▶ Provided material:
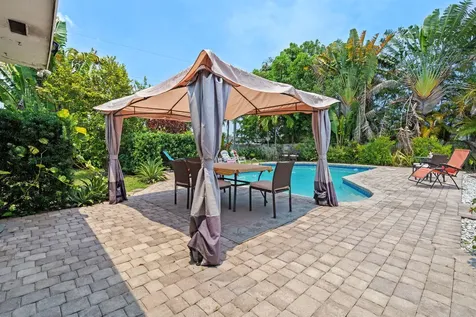 4921 Jackson Street Hollywood FL 33021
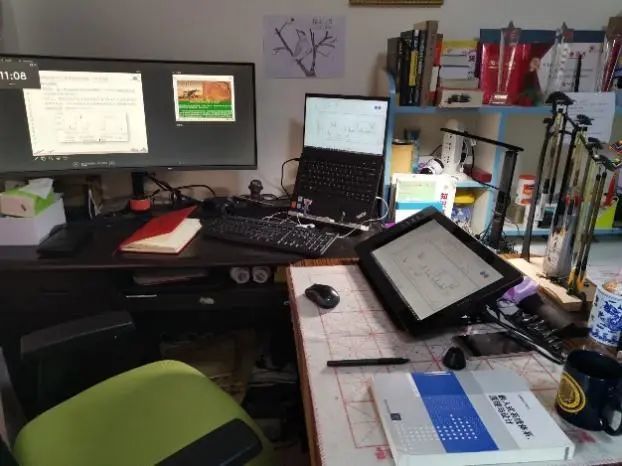 张凯龙老师的书桌,线上教学各种装备一应俱全
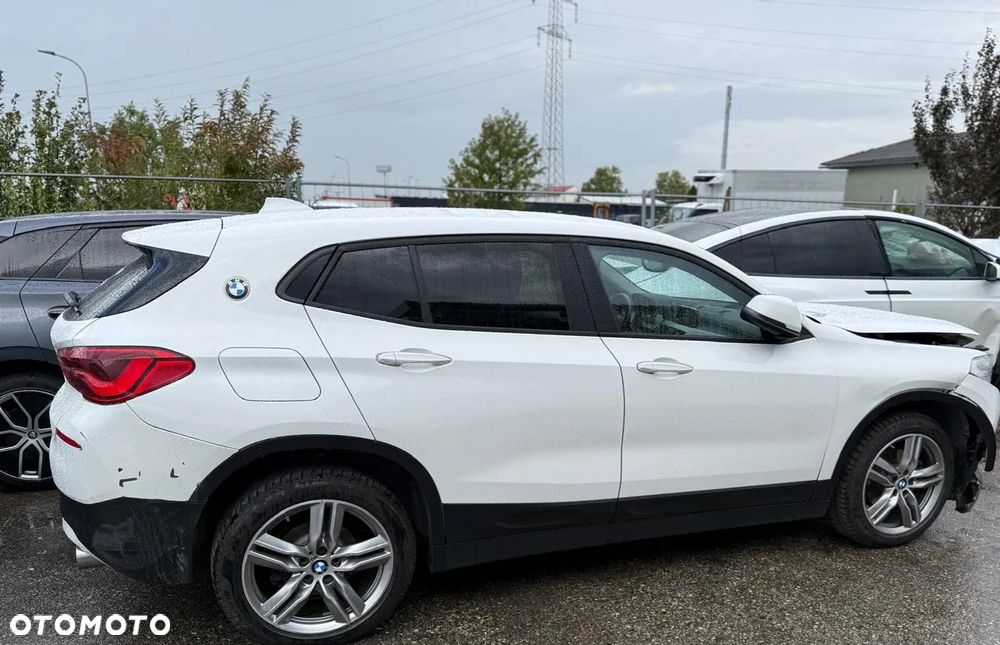 BMW X2 xDrive18d Business Edition - 4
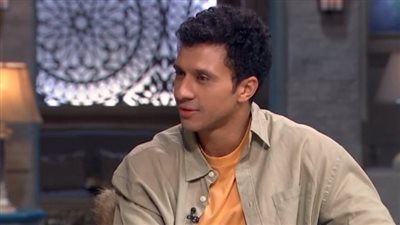 عصام عمر ممازحا جمهوره: 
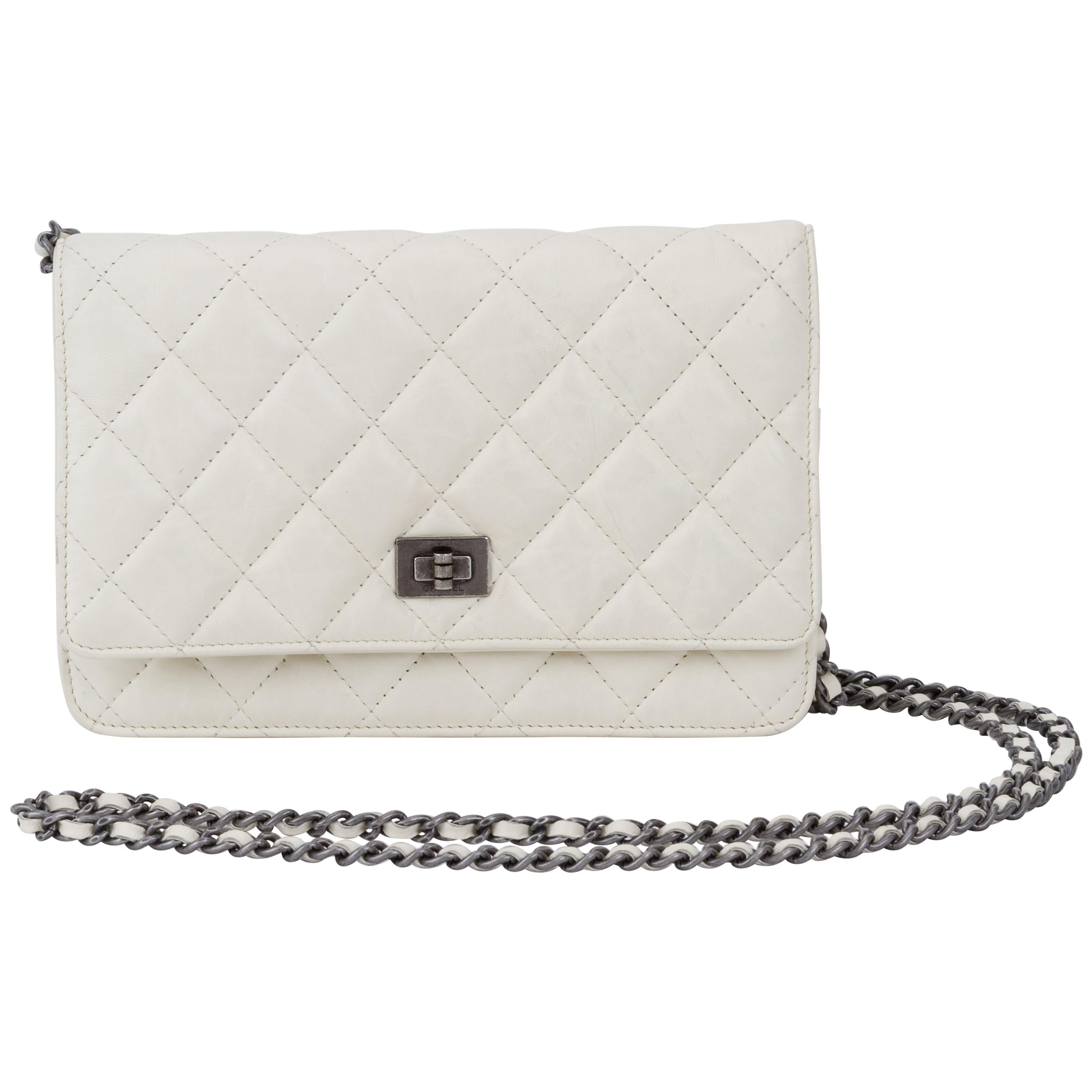 Chanel Reissue White Wallet On A Chain Bag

▶ Exercise directions: If an entry contains an image, print the rest of that entry exactly and leave the image out.

▶ Solution below:
 4921 Jackson Street Hollywood FL 33021
 张凯龙老师的书桌,线上教学各种装备一应俱全
 BMW X2 xDrive18d Business Edition - 4
 عصام عمر ممازحا جمهوره: 
 Chanel Reissue White Wallet On A Chain Bag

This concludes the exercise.